Simply ‘A Tragic Fate’: A Psychiatrist Revisits the Third Reich


Both Edwald von Kleist, commander of the German forces in Italy, and Walther Funk, Reich minister of economics, tell Dr. Leon Goldensohn—more probing journalist than shrink—that some of their best friends were Jewish. The banality of evil has become something of a cliché, and an anachronistic one, considering this century’s increasingly vivid and proud acts of excessive violence. But Goldensohn’s raw and riveting notes, made during seven months of interviews with defendants and witnesses as they prepared their cases for the Nuremberg trials, demonstrate the monstrous power of platitudes to facilitate ethical breakdown and give shelter to atrocity.

With the exceptions of the deranged Julius Streicher and the flamboyant Hermann Goering, Goldensohn’s subjects are mundane, pathetic men. “I was only a small man and I had no idea of what was going on,” says Funk, who cites his free-market philosophy and vocal opposition to inflation in the occupied countries as mitigating factors in his case, which is not his fault but simply “a tragic fate.” Hanz Fritsche, a propagandist under Goebbels, is similarly pallid in his casuistry: “I became guilty of the death of 5 million people—innocently.”

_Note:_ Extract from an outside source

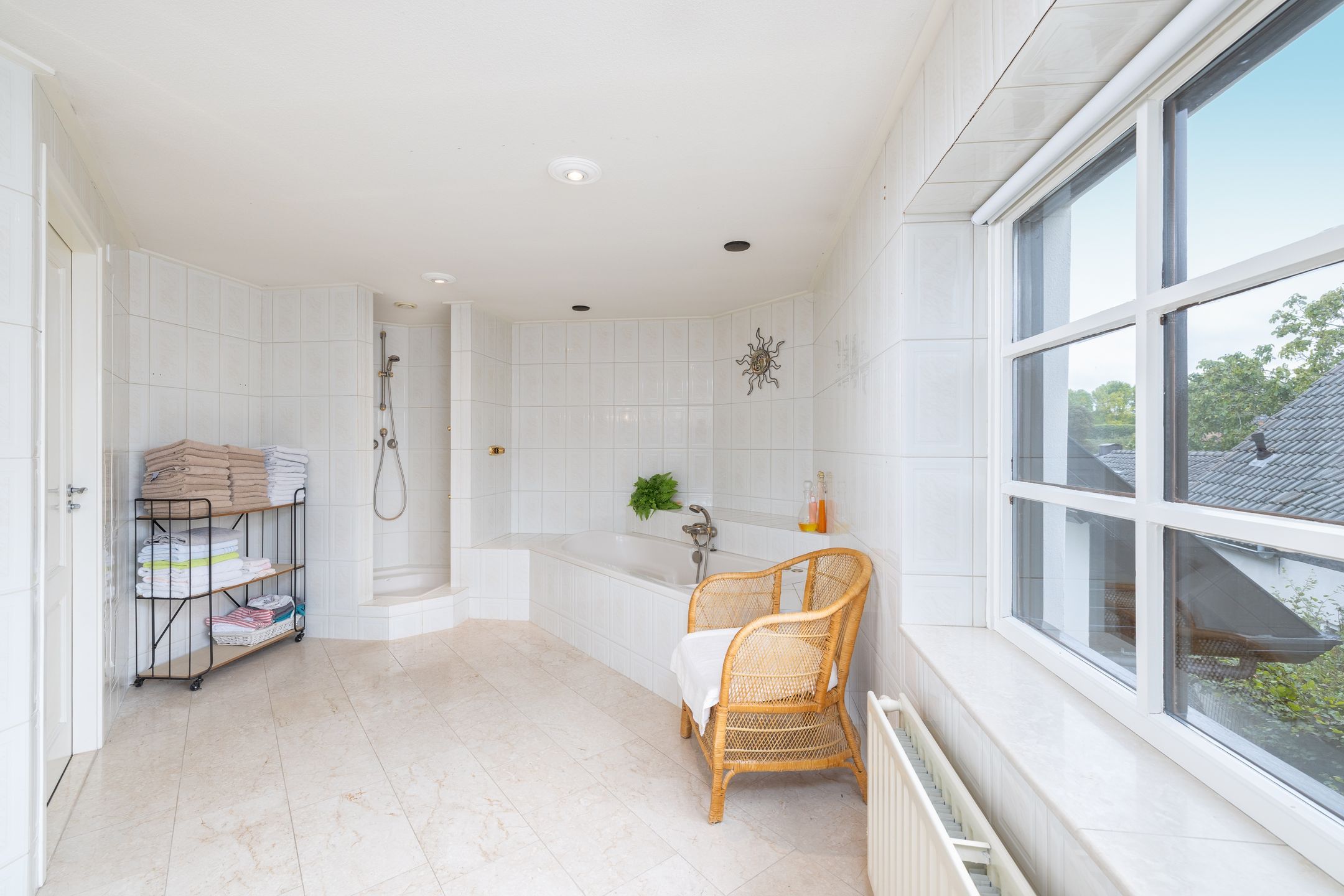 Foto 60 van Wolput 83-A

Goldensohn persistently nudges his subjects to a more authentic confrontation with their culpability, but never puts them on trial. His profile of the mechanical Rudolf Hoess, commandant of Auschwitz, closes with details of Hoess’s favorite sports and hobbies. Goldensohn’s calm, measured portraits rightfully have no conclusions—indulging in a lurid psychology of Nazism would be a way to make it safe.